In fact, it should be so with all major festivities
of all religions across the faiths, across the adherences, across the societies,
across the countries, across the religions – the way Christmas has become - a
day to cherish humanity – to celebrate the season with the joy of
coming-together – after all, festivities are as much there to give us the
window to put our routine day-to-day life aside and come together to enjoy some
quality, free time, to meet our other ‘self’, to recreate, to socialize – as much
as they are for religious observances – the ‘recreational’ aspect of a festival
and its religious facet.
The recreational aspect, the human psychology of celebrating
festivals, is common to the civilizations, across the religions but the religious
facets create forced and psychological walls to make festivals exclusive to their
respective religions.
Religion is the tool relentlessly used by opinion
leaders, leaders, monarchs, dictators and even elected leaders to divide
humanity into endless chasms, closeting the mindsets to restrict them to see
the logic, to question the doctrines, to feel free to choose the religion, to
freely practice the religion including the right to reject it.
Religion and thus faith is supposed to be intimate to
an individual – the way it is practised and the way one perceives others practising his and other religions.
Sadly it is not so.
The Crusades, the inter-religious wars,
expansionism of empires in the name of religions, exploitation of humanity in
the name of religion – the wars to establish the supremacy of this religion or
that - the practices are as old as the human civilization – and are still deep
rooted to inflict the maximum effect/damage.

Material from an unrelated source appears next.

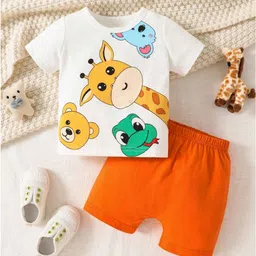 TITTOM Kids Printed Pure Cotton T-shirt With Shorts-21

And it makes universality of Christmas even more
important.
It is not pushed. It is not forced. It is not about
imposing Christianity. It is, rather, about celebrating the universality of the
‘recreational’ elements of festivals.
It is celebrated in my home. It is celebrated at my
work place. It is celebrated in my neighbourhood. It is celebrated in cities across
India. It is celebrated across countries. It is celebrated even in many Muslim
countries.
And with a youthful spirit, bathed in the joy kids draw
from it, irrespective of what religion says about it.
Christmas is now, more or less, a global festival,
sans its religious elements. Yes, for the followers, the religion and its observances
are very much there. But its joy, that is routine human and doesn't require one
to know Christian ideals and Bible Psalms, has transcended spontaneously across
societies, from Christians to non-Christians.
Kids love it. Youngsters love it. Adults love to
live the joy of it. And they don’t do it because of any religious influence or
religious pull. They don’t know about Christmas more than what their textbooks
have told them, yet they live and share the joy of it.
They do it for the joy that its ‘recreational’
aspect brings – holidays, reunion of family and friends, Christmas carols and
music of the season, the rhythm of multitudes with the fair and lights of midnight
Mass and the legend of Santa Claus - and for the season that transitions us to the next
year – the New Year.
Santa Clause has become of every religion. He is
the symbolism of the good, the child, and the innocent in all of us. He, along
with Christmas carols, makes for the spontaneous connect with the non-religious
aspect of Christmas for non-Christians.
Singing, dancing, rhyming, celebrating, enjoying
life, with all coming together – that is the universal appeal of Christmas -
and it doesn't require any religious sanction – even if, ideally, religion has/should have nothing to do if I celebrate Christmas or Eid.